Sedona gave him a smile filled with irony. “I don’t really understand myself. I wish I did.”
“We will protect you.” Ahmed sat up straighter.
Sedona shook her head sadly. “No, my friends. I can take care of myself. I’m sorry to have brought you into this.” She looked at Umar. “I’m sorry for what happened at the café and afterwards. You must have been so scared.”
Umar ducked his head. Sedona could see that his eyelashes shimmered with tears. “I failed you.”
“No. No, you didn’t. How could you have known?”
“Your friend, she hates us.”
“Vaughn?” Sedona said. “No, she was just worried about me. She’s not that bad, really.”
Ahmed smiled wisely. “No, I think she hates us. Like so many Americans, she thinks we are all terrorists and anti-American.”
“I don’t believe that,” Sedona said. She had seen into Vaughn’s heart—there was no prejudice there. “It’s her job to be suspicious of everyone.”
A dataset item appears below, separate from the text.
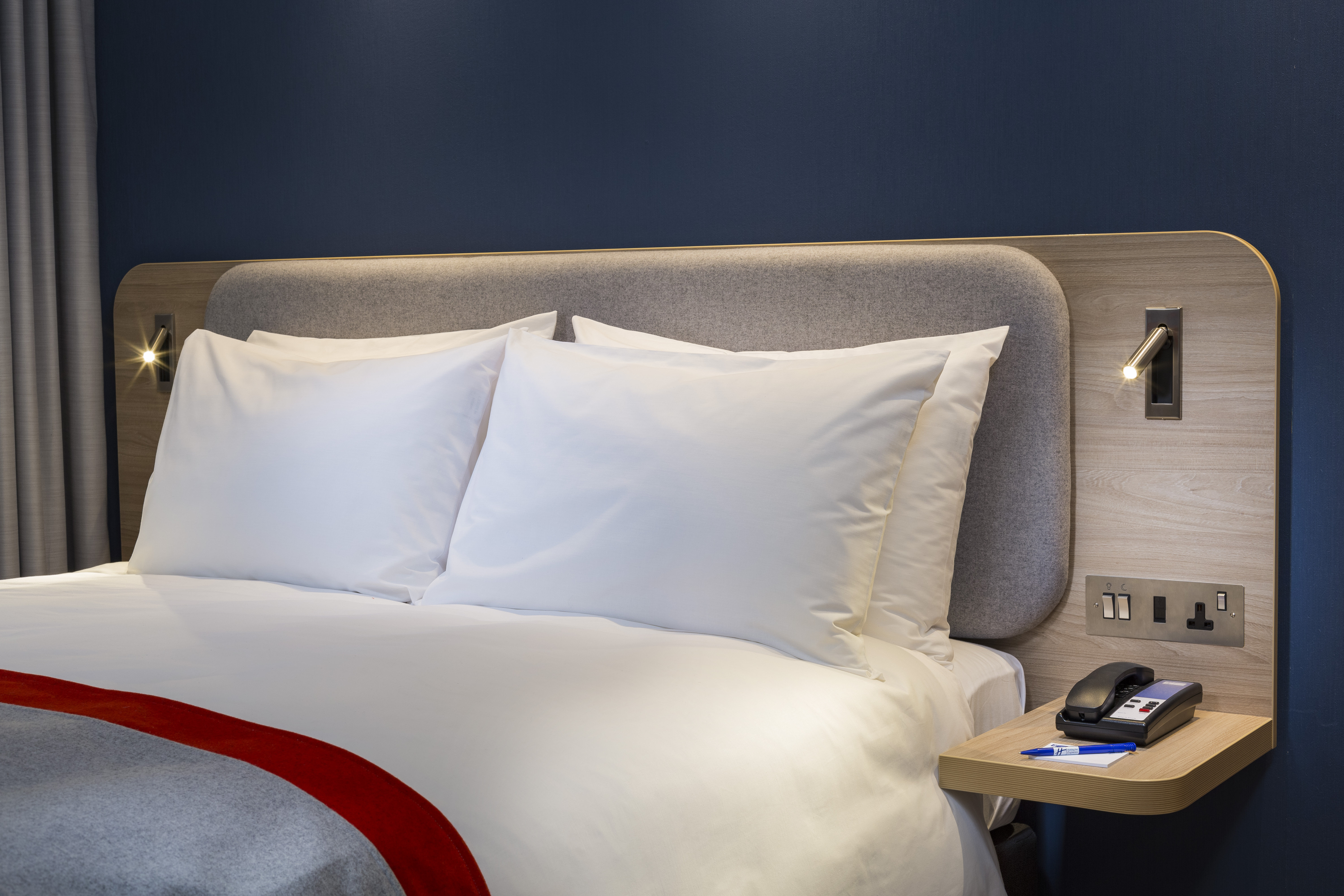 holiday inn express cambridge west cambourne an ihg hotel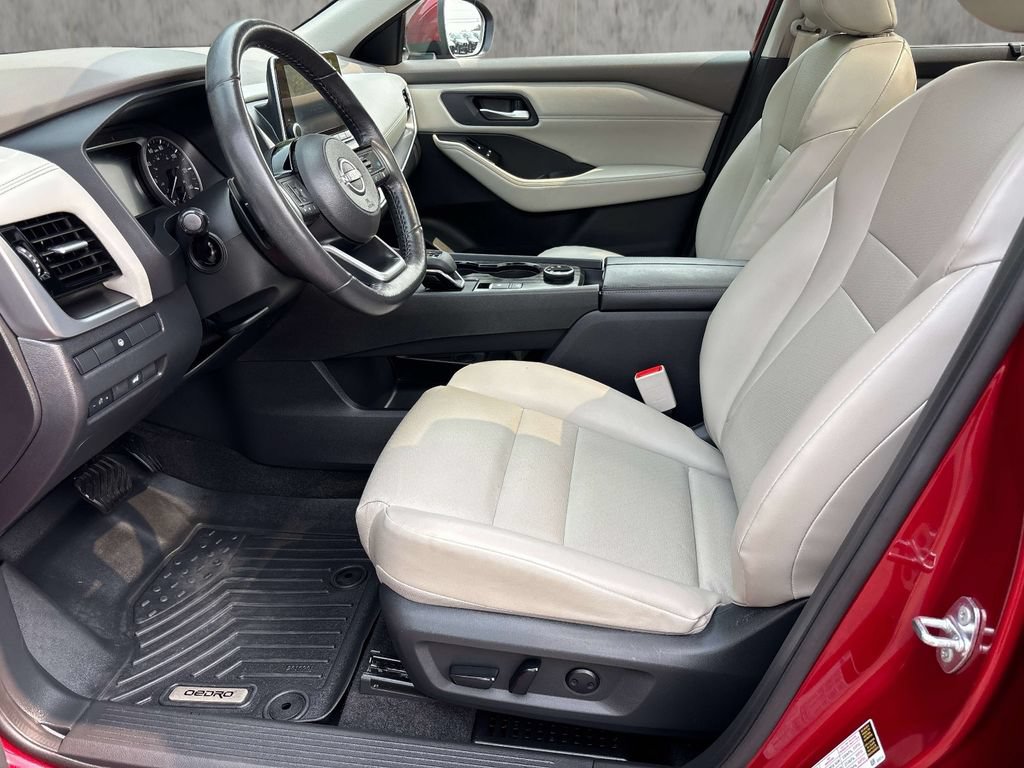 Used 2023 Nissan Rogue SV w/ SV Premium Package AWD/4WD image 11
“She does it well,” Umar said, rubbing the sore place on his throat.
“Yes,” Sedona admitted, “she does.”
Tuwaitha was buzzing with activity, despite the fact that it was nighttime. Every building was lit up. So far, they’d seen evidence of nearly one hundred people moving about.
“There’s a passageway between those two buildings,” Sedona told Vaughn as she watched the drone’s progress through the shadows. “See that little crease there?” She pointed on the screen.
“Where does it lead?”
“To the manufacturing plant or at least to what used to be the manufacturing plant.”
Vaughn manipulated the joystick to the right, sliding into the space Sedona indicated. “Which of these buildings gets us to pay dirt?”
“They both held pieces of the operation, but I’d say you’re most interested in the building on the left.” Sedona massaged her temples. Her head pounded so hard she wondered how she could hear her own thoughts. More importantly, she feared that she would not hear the angels talking to her if she needed them.